The Milky Way, like all galaxies, has at its center a supermassive black hole. Normally, these black holes make themselves known through the accretion disk (a halo of uncondensed sediment) that encircles their event horizon — the area in which material slowly gets sucked into the black hole’s unfathomably dense center. The Milky Way’s accretion disk, however, has been elusive.
A recent paper published in the June issue of Nature, however, has reported the discovery of a long-awaited observation regarding the accretion disk. While the disk appears faint, its existence is now confirmed.

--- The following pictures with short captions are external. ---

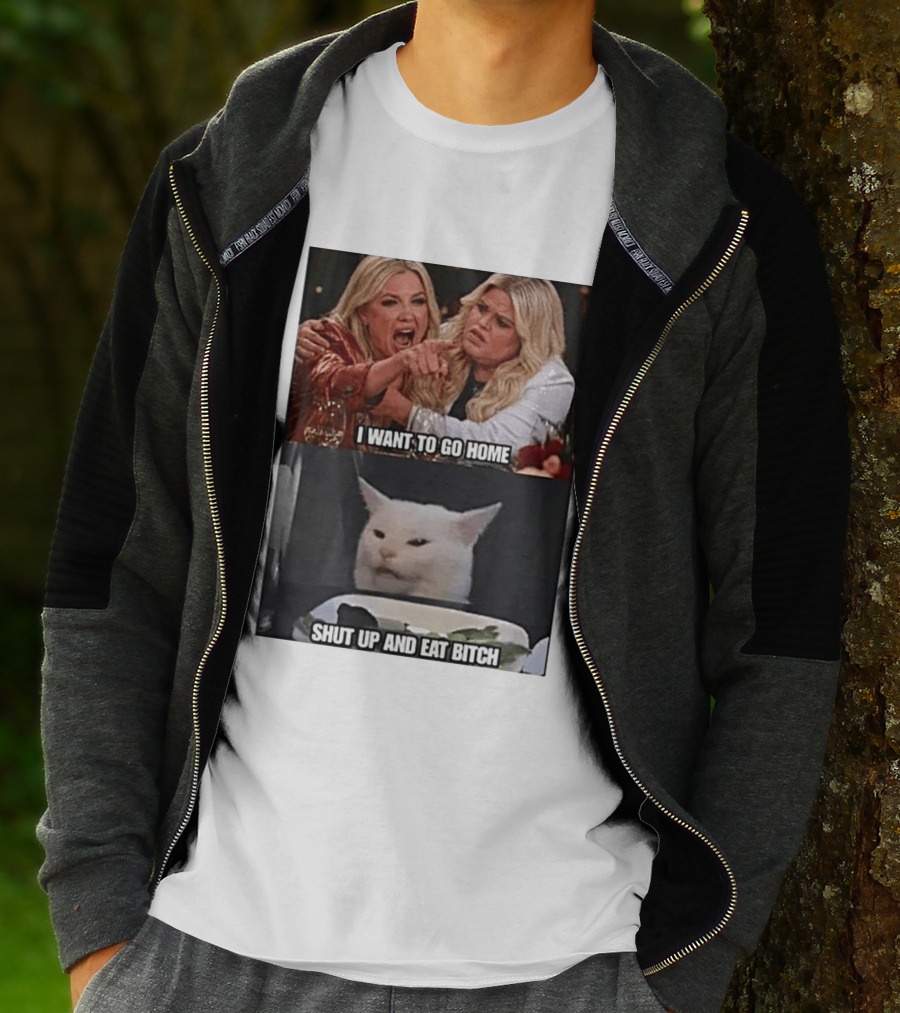 I Want To Go Home Smudge The Cat Meme Shut Up And Eat T-Shirt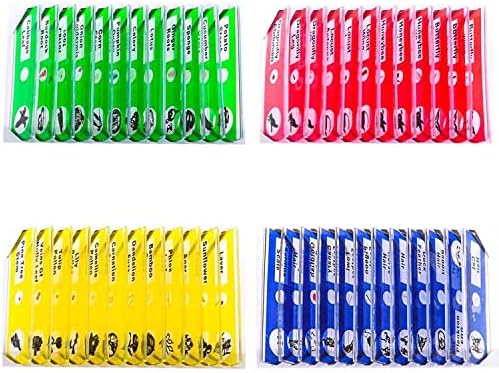 48Pcs Kids Plastic Prepared Microscope Slides of Animals Insects Plants Flowers Sample Specimens, Kids Children Students Enlighten Education Stereo Microscope Slide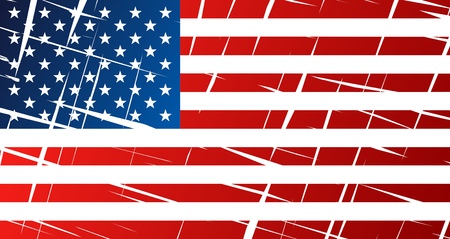 Tattered flag of United States of America, USA - vector graphicsのイラスト素材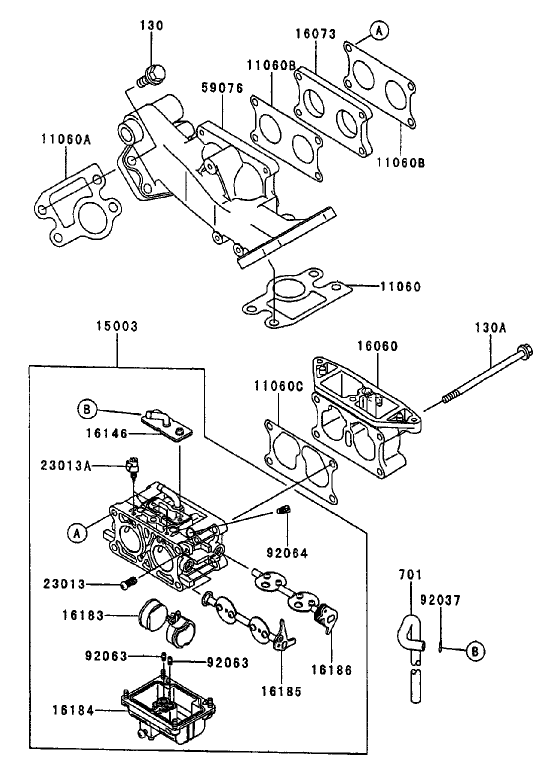 Carburetor Diagram and Parts List for 74213 (220000001-220999999)(2002) Toro Lawn Mower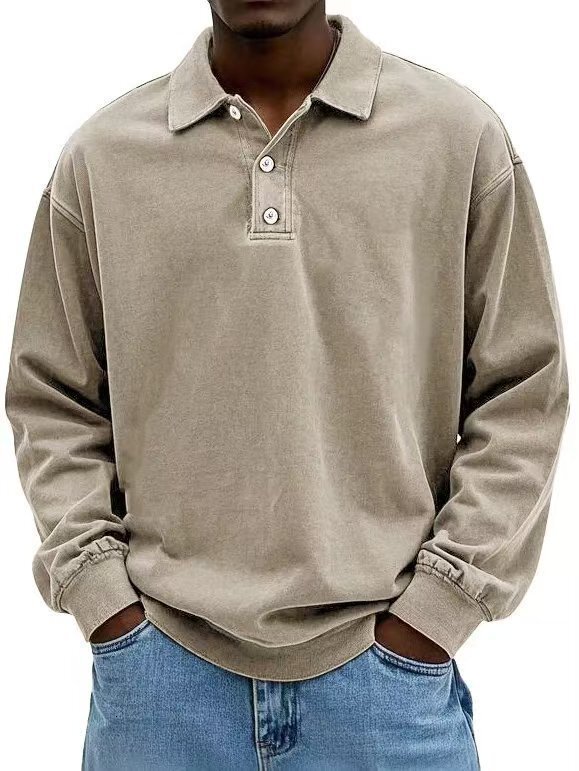 2026 New Men's Cross-Border Independent Station Casual Versatile Long-Sleeve Button-Up Polo Shirt For Men 9f4a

An accretion disk is a halo of cosmic detritus that orbits a sufficiently dense astronomical object. You can find them orbiting binary star systems (one star orbiting another) or, in this case, supermassive black holes.
In most cases, the accretion disks are easy to detect. Because they are so hot (anywhere between 10,000 and 10 million degrees Kelvin), they can easily be picked up by infrared telescopes.
The detritus that encircles these astronomical objects is normally composed of different types of gases and dust. The friction that these different particles experience as they spiral around whatever they orbit causes them to heat up. We can then measure this heat from terrestrial or airborne telescopes.
Most accretion disks slowly get fed into the black hole’s center. They orbit endlessly, feeding the innermost orbiting ring into the event horizon — the area where the orbit will suck you irreversibly toward the black hole’s center. This area of the black hole is delineated by the area that’s actually black (because not even light can escape beyond this point). This area grows as the black hole is fed by the cosmic detritus in the accretion disk.
The black hole at the center of the Milky Way is Sagittarius A. Sagittarius A is exceptional in its size. It’s estimated, for instance, to weigh a staggering four million solar masses. A solar mass is approximately 1.989 x 10^30 kg or 1.989 with 30 zeros after it. Let’s ponder this number for a moment.
Jeff Bezos is estimated to have a net worth of around 150 billion dollars (that’s nine zeros). Let’s pretend that each of his dollars is equivalent to one kg. You would need one billion Bezoses (18 zeros) to get a little over half of one solar mass. To get a better approximation, you would have to nearly double that. And Sagittarius A weighs four million of these solar masses. Yeah, that’s heavy.
The newly discovered disk
The discovery of this disk was made by the Atacama Large Millimeter/submillimeter Array in Northern Chili. They had set their sights on a 280 billion kilometer span of space (which for a telescope looking such distances isn’t that great) where the black hole is known to be. And within this span they had discovered, much to their surprise, an area with matter of different electromagnetic frequencies.
The researchers had realized that the area in question was emitting two different primary frequencies. One of them was more condensed, “squished,” and therefore blue-shifted. The other frequencies were red-shifted, elongating away from us. The group interprets this finding to mean that the disk is spiraling around the black hole.
The interpretation makes sense. The far side is moving away from us, and thus elongated in a red-shifted manner. The side that is moving toward us is blue-shifted, and thus squished. This is what we see for other accretion disks encircling blacks holes. It is what we find with our own.
Ultimately, the discovery is but another that sheds light on the nature of our galaxy. Like others, it has around it a giant mass of particles that slowly grow its already staggering size. We look forward to the future studies that will elaborate on how this accretion disk feeds that black hole that glues our galactic center together.